If anything, the Indian National Congress despite its rhetoric of secularism failed the ultimate test of being accommodative of the Muslim demands. Here ‘Muslim’ was not a religious identity but a broad banner for a community’s cultural, economic and political interests. It would be naïve to suggest that there was no religious motivation in Pakistan’s creation. In fact there were many who interpreted Pakistan as an Islamic country. However, Jinnah was categorical in his stance. There is enough evidence to suggest that he shunned the notion of a theocracy. Yet the contradiction of creating a country for Indian Muslims posed a challenge to the new state-project. For instance Jinnah is said to have told Raja Saheb of Mahmoodabad as to whose Shariah would Pakistan follow. Iskandar Mirza’s version is even starker when he quoted Jinnah: “Shariah? Whose shariah? No. I shall have a modern state.”
Whatever doubts on Jinnah’s intentions or political rhetoric employed by the Muslim League, Pakistan was meant to be a polity where state was separate from religion. Jinnah was unequivocal about the vision of the state when he spoke on the floor of Pakistan’s first constituent assembly on August 11, 1947:

“You are free to go to your temples; you are free to go to your mosques or to any other place of worship in the State of Pakistan. You may belong to any religion or caste or creed. That has nothing to do with the business of the State.”

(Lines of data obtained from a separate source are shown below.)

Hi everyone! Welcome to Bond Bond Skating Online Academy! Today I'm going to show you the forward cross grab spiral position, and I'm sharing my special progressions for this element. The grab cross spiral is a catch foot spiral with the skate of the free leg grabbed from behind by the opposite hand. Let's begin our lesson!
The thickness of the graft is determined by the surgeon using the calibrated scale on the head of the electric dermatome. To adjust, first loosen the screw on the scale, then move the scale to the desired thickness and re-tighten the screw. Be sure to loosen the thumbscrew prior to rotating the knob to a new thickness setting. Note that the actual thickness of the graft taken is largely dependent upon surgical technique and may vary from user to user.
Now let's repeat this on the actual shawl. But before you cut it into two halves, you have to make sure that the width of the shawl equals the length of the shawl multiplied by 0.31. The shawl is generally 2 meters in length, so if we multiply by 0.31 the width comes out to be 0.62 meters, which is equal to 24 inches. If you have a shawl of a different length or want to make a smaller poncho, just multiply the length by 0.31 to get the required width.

The controversies surrounding Jinnah’s politics were quashed when the statesman and the formal head of the state-to-be said: “Now, I think we should keep that in front of us as our ideal, and you will find that in due course of time Hindus would cease to be Hindus and Muslims would cease to be Muslims, not in the religious sense because that is the personal faith of the individual, but in the political sense as citizens of the State.”

This rare speech by the founder of an ostensibly “Muslim” country was a watershed in history. Fortunately, unlike his successors he was not a mere rhetorician. His decision to retain J.N. Mandal as the first law minister of Pakistan made it amply clear that the Quaid did not want politics to be influenced by faith. It is a separate matter that Mandal resigned in 1950 once the pledges made by Jinnah were squandered by his successors.

Jinnah’s failing health and the capture of the Pakistani state by men, whom Jinnah reportedly described as khottey sikay (counterfeit coins), driven by power-quests and shortsightedness unleashed a process of Pakistan’s descent into ideological anarchy and a serious identity crisis that haunts us to date.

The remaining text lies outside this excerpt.